Maybe the weirdest thing about being here is that, oddly enough, I have to keep reminding myself that we’re far, far away. For all the differences, there’s a lot that’s familiar. The streets of the Old City may be stone, but you’re as likely to hear English on them as Hebrew (maybe more likely). Americans abound, including the constant tour groups streaming through the squares. Other than the texts themselves, and the “Yeshivish” jargon, everything at my yeshiva is in English (most of the “foreign” flavor comes from the large number of South African students there). I get my news the same way I did at home – from the Internet – and from generally the same sources. I glance over the online Chicago Tribune, the Wall Street Journal, Facebook… I look at the Jerusalem Post site more than I used to, but most of its online stories seem to be geared for the international audience anyway. My media mix is largely unchanged, with the exception of being unable to stream WXRT (VPN, I’m looking into you soon!).

Also, when you’re a Torah-observant Jew, there are lots of familiar standbys. A shul is a shul. We’re used to services being all in Hebrew anyway. Shabbos is Shabbos. The familiar rhythm of frantic Friday errand-running, hurried showers, setting up timers, hot water, hot plate, crock pot, etc.; the sudden, forced peace that comes with lit candles and swaying brachos; family Shabbos dinner at a formal, clothed table with songs and parsha sheets; morning davening at shul, followed by lunch at home or as guests, with the usual discussion of the Torah portion, current events, and our journeys in Yiddishkeit; the leisurely afternoon, mincha, the simple-but-satisfying seuda shlishis of challah, hardboiled eggs, etc., the too-soon end with ma’ariv and havdala, bringing that back-to-work feeling… all of it transcends place.

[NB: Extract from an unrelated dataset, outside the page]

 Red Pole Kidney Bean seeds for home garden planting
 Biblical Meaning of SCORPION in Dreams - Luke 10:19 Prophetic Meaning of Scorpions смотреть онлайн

When shul, yeshiva, and Shabbos all feel like home, it can be difficult to remember how far we’ve come. Debbie’s and the boys’ experience is totally different, as they deal much more with Jerusalem as a new, foreign place. But I find myself sometimes jarred when I look up past the stone and catch a view of the Mount of Olives or a similar, undeniably foreign landscape, and remember that I am There.

Our first 1.5 weeks

I was very pleased with myself that I already knew my way around the Rova (Jewish Quarter = “Rova Yehudi” = “Rova” for short) pretty well when we got here. Having had virtually no sleep in a full day prior to our late night arrival, it didn’t take too long to get over jet lag, either. We spent the time before the beginning of the zman (school term) buying housewares, setting up services like cell phones and home broadband, and otherwise getting settled.

If you know how to set the time on these, please contact me ASAP!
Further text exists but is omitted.